Menurut pemahaman Izutzu, kata ‘aql di zaman
jahiliyah
digunakan dalam arti kecerdasan praktis (practical intelligence), yang dalam istilah
psikologi modern disebut kecakapan memecahkan masalah (problem solving
capacity). Dengan demikian, orang berakal adalah orang yang mempunyai kecakapan
untuk menyelesaikan masalah, memecahkan problem yang dihadapi dan dapat
melepaskan diri dari bahaya yang mengancam.

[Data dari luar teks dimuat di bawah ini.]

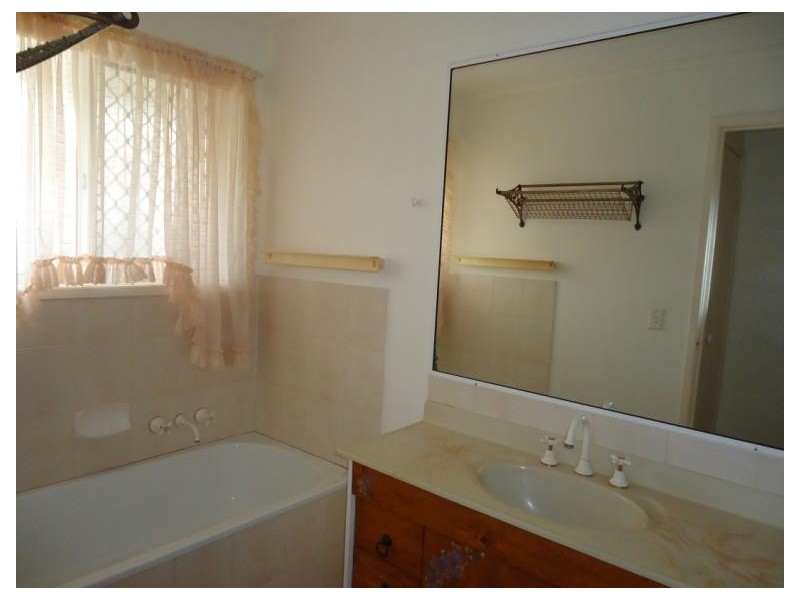 2/137 Central Street, Labrador QLD 4215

Lebih lanjut menurutnya, kata
‘aql mengalami perubahan arti setelah masuk ke dalam filsafat Islam. Hal
ini terjadi disebabkan pengaruh filsafat Yunani yang masuk dalam
pemikiran Islam, yang mengartikan ‘aql sama dengan Nous
yang mengandung arti daya berfikir yang terdapat dalam jiwa manusia. Pemahaman
dan pemikiran tidak lagi melalui
di dada (Al-qalb) akan tetapi melalui Al-‘aql di kepala.[4]
Menurut Imam
Al-ghazali didalam kitabnya Ihya’ ‘Ulumuddin mendefinisikan bahwa akal
adalah sumber ilmu, tempat terbit dan dasar ilmu. Ilmu itu berjalan dari
padanya seperti jalannya buah dari pohon, cahaya dari matahari, dan penglihatan
dari mata.[5]
b. Fungsi Akal
Akal banyak memiliki fungsi dalam kehidupan, antara lain:
1. Sebagai tolak ukur akan kebenaran dan kebatilan.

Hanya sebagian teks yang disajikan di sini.